Tuesday, March 17, 2009

You get what you pay for

The second "truth" of sales and service is "You only get what you pay for". See the "trust" truth in an earlier blog. Simply put we reap what we sow. In the ever present shadow of the Employee Free Choice Act is the issue of wages and their impact on an organized drive within your company. What ever your position as an organization what you pay people has an impact on the performance of your organization and on the attitudes and direction of your employees. Let me be clear; I live by the motto for companies to""Provide the highest quality of sales and service for the least amount that is profitable to the client and profitable to the company. This means companies should pursue every competitive advantage possible to compete. This includes paying wages that are responsible. Just beware of what you choose.

Here is the 2nd truth:

"Truth 2: You Only Get What You Pay For

Yes, I inserted the word “only.” The reason? Most people still don’t get it. You can’t pay dirt, invest no money in training, recognition, supervisors, quality, workforce management, administrative support, treat everyone lousy and expect great customer experience. A better perspective might be that when you don’t invest in sales and service appropriately you get even less than what you pay for. Performance is even poorer.
We have a conundrum in that many entry-level jobs have such high turnover that companies are afraid to invest (tools, training, etc.) in a job that has a high turnover rate. The result is a self-fulfilling prophecy that we cannot invest if they leave; yet we are unhappy while they are with us because they don’t do a good job.


One of our challenges is that we are equally reticent to invest one level up at the frontline manager. The majority of these folks are our “star front-liners” promoted. We need to invest in making these people successful right from the start. If we don’t teach them what to do the results will be unfortunate. The reason is prior to this move they were only responsible for themselves. Now they are responsible for a team of people.

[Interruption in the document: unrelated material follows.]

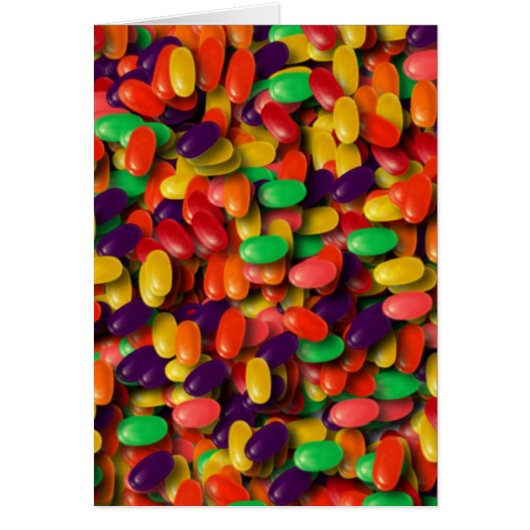 Jelly Bean Heaven Cards (Front)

Let me be clear; money does not solve all problems. Some of the worst organizations we have seen overpay their people. Steven Covey, in his book “The Eighth Habit” states that organizations consider land, material and technology assets yet “they?” consider people liabilities.

If you are reticent to invest in people then invest in the process and operating system that these people use. Install the “right way” to lead, coach, run meetings, measure performance metrics, build winning culture and then no matter who comes in or out you are guaranteed to get quality results.
Companies that don’t invest in their people (both the value-side and the able-side) lose every time."